The ability to create stored procedures has been a major stumbling block for both BigQuery and Redshift for a long time as most other data warehouse options have provided this feature.
Updates and upserts
Thankfully, as of 2018 Amazon Redshift automatically runs the VACUUM DELETE operation. This ensures that your Redshift instance doesn’t take up unnecessary disk space with rows that were marked for deletion by previous UPDATE and DELETE operations. It also defragments the tables to free up consumed space and improves performance for your workloads.
BigQuery also supports updates or deletions as long as you select to use Standard SQL. There is also a Legacy SQL option for BigQuery that is far more limiting and less familiar for the general user. This recent change allows analysts and engineers the ability to write several DML statements that weren’t possible under the Legacy SQL option.
In addition to adding standard deletes and updates, BigQuery’s Standard SQL also provides developers the ability to use the MERGE clause. So instead of needing to have a staging table and several complex steps like redshift. BigQuery users can write a statement that can combine INSERT, UPDATE, and DELETE operations into a single statement and perform the operations atomically based on a set of conditions.
Nearline storage is supported by BigQuery as it allows you to offload some of your less critical data to a slower, cheaper storage. Since April 2017, Redshift Spectrum allows Redshift users to query files stored in S3, enabling the separation of storage and compute.
At Panoply, we worked around the limitation of coupled storage and compute by providing our own implementation of nearline storage for our customers.
Loading data into Redshift is a very powerful yet involved process handled by the standard COPY command. It supports a handful of formats, like CSV, JSON and AVRO, each with its own configurations like delimiters and compressions.
On the other hand, loading data to BigQuery is simpler, yet somewhat more limited. For example, it can only be done via the web UI or API, but not with standard SQL.
The ecosystem for both Redshift and BigQuery is pretty big.
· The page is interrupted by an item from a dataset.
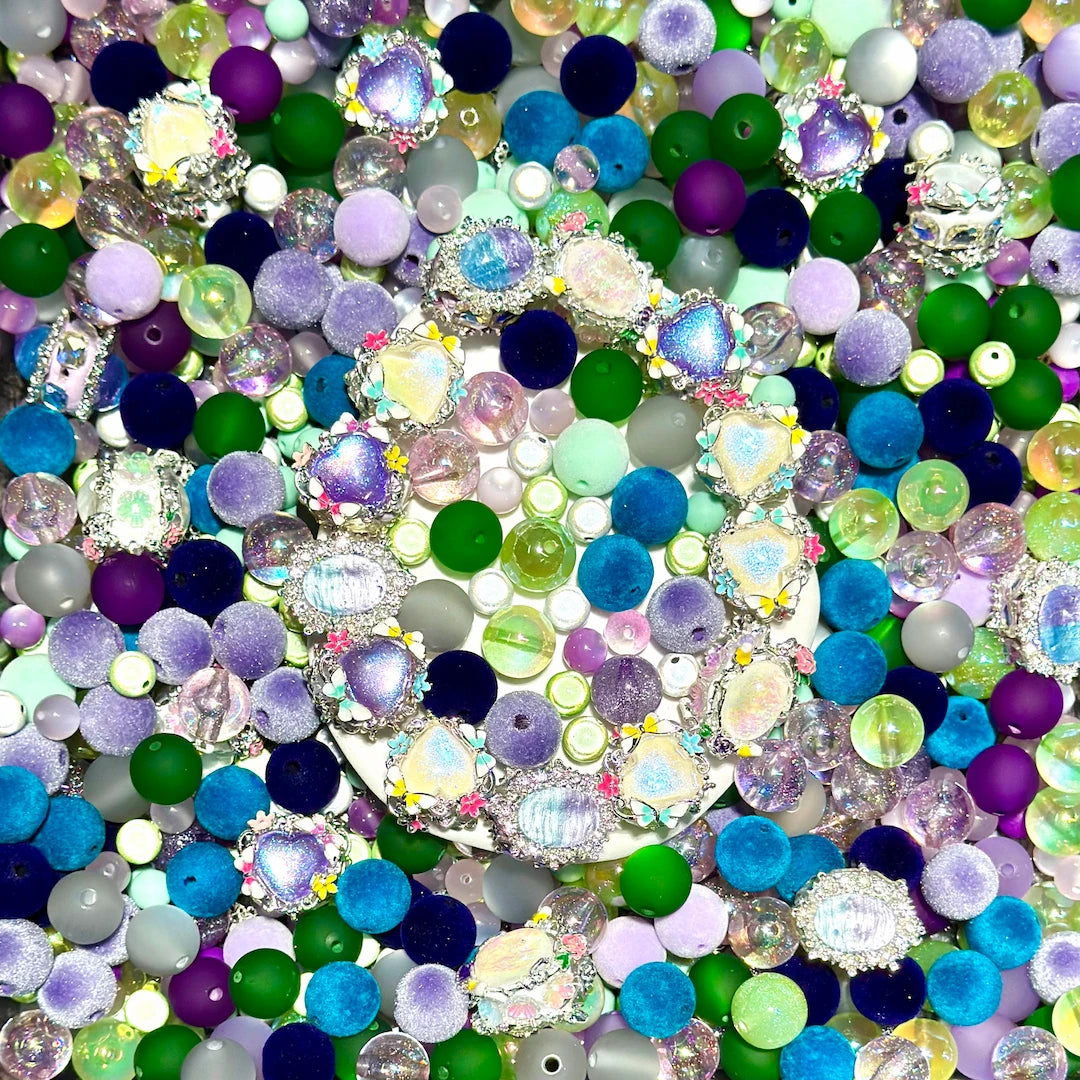 Nadia’s Nebula Sky for Key/Phone Chain/Bracelet/Necklace- Open in live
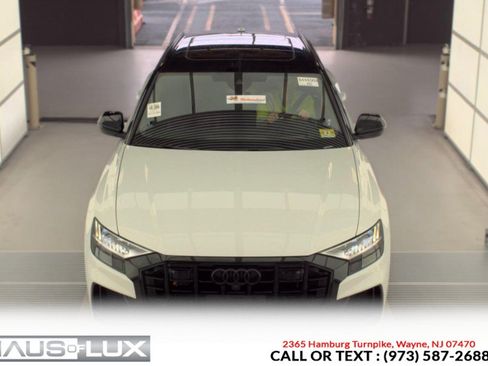 Used 2021 Audi SQ8 Prestige w/ Prestige Package AWD/4WD image 2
Google promotes the latter aggressively so there are many tools and communities out there to help out with pretty much everything.
But for us Redshift’s ecosystem is bigger and stronger. First, AWS is the world’s leading cloud provider, by far, and Redshift is one of their fastest growing products. Second, as we’re already well versed in the AWS ecosystem, and use it for everything else, Redshift fits in perfectly with the other tools we use, like Kinesis. Third, Redshift is built on top of Postgres, which has a huge community and set of tools, like pgbouncer, which we use extensively.
Recap: Redshift vs. BigQuery
BigQuery is an awesome database, and much of what we do at Panoply is inspired by it. We’re working hard to make our platform as easy, simple and fun to use as BigQuery. Simplicity is one of most important aspects of a product, and BigQuery is way ahead on that front.
Inspiring as BigQuery and Google in general may be, practically across the board we found Redshift to be superior. It provides significantly better usability, performance, and cost for the majority of analytical use-cases, especially at scale.
The only critical apparent drawback of Redshift is its relative complexity as it requires constant low-level tuning of the virtualized hardware and database configurations. This apparent complexity is double edged as it can be seen as greater flexibility that allows us to fine-tune Redshift to our specific needs which will result in an even greater advantage in performance and cost.
Panoply’s purpose is to abstract away all of these complexities into a single click without compromising on functionality. So when we set out to develop our platform it was easy to justify the tradeoff of simplicity for functionality and focus on elevating Redshift to the same level of simplicity as BigQuery, and then take it way beyond.